Père Charles Mallard-Les longues traversées
Les longues traversées
1° Dimanche de carême – Année B
Gn 9,8-15 ; Ps 24(25) ; 1 P 3,18-22 ; Mc 1, 12-25
Le premier dimanche de Carême, nous entendons le récit des tentations de Jésus dans le désert. Or cette année, il s’agit du récit de Marc qui est extrêmement concis. Mais la liturgie, avec semble-t-il un certain humour, nous propose, pour méditer sur les quarante jours de Jésus dans le désert, de nous souvenir des quarante jours de Noé lors du déluge ! Qu’il y ait trop d’eau ou pas assez, c’est toujours une traversée de quarante jours qui nous est présentée pour commencer le carême. Mais à bien y réfléchir, l’expérience d’une traversée en mer ou comme celle du désert présentent un certain nombre de ressemblances qui peuvent nous inspirer pour mieux comprendre ce à quoi nous sommes appelés. Méhariste ou marin, chacun choisira l’image qui lui convient le mieux pour vivre ces quarante jours qui nous préparent à Pâques.
D’abord c’est un temps qui nous ramène à l’essentiel. En mer ou dans le désert, on ne peut pas tout emporter. Il y a une certaine austérité avec laquelle on ne peut pas tricher et qui nous dépouille du superflu. C’est le sens du jeûne et de l’abstinence pendant le carême. Nous sommes invités, pendant ces quarante jours à nous défaire de ce qui n’est pas indispensable. Il ne s’agit pas de multiplier les mortifications ou de se mettre en danger, mais de prendre conscience de ce dont nous avons réellement besoin. Car bien souvent nous confondons plaisir et besoin … or le domaine de la nourriture est un lieu privilégié pour faire le tri entre le plaisir et le besoin. Il n’y a aucune raison de mépriser le plaisir, mais il faut lui garder une juste place dans notre vie : il en est l’ornement, parfois le moteur, mais il ne doit pas en être le guide. Vérifions donc pendant ces quarante jours que nous pouvons nous priver du superflu, et que nous ne sommes pas des enfants gâtés qui réclament comme nécessaire ce qui est un don gratuit.

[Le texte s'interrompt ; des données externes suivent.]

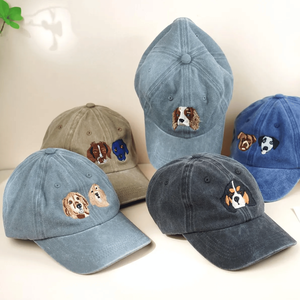 Gorras y Sombreros con Diseño Navideño, Gorras de Mezclilla Lavada, 5 y 6 Paneles, Gorra de Béisbol Bordada Personalizada con Etiqueta Tejida - Product Image 1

Ensuite c’est un temps qui nous tourne vers nos compagnons de route. En mer ou dans le désert, on ne s’aventure pas tout seul. Que ce soit en équipage ou en caravane, l’homme a besoin des autres pour entreprendre ces traversées. C’est pourquoi le temps de carême est aussi un temps de partage. Partage avec ceux qui sont proches, partage avec ceux qui sont loin. Comment peut-on imaginer faire de la foi une affaire privée ? Si nous sommes introduits dans le peuple de Dieu, dans l’assemblée des saints, n’avons-nous pas un devoir fondamental de solidarité ? Il serait inutile et inique de prétendre être en communion sans vouloir partager. Ouvrons donc les yeux pendant ces quarante jours pour voir ceux avec qui nous pouvons partager, notre argent ou notre temps, notre amitié ou notre bonne humeur … les besoins ne manquent pas !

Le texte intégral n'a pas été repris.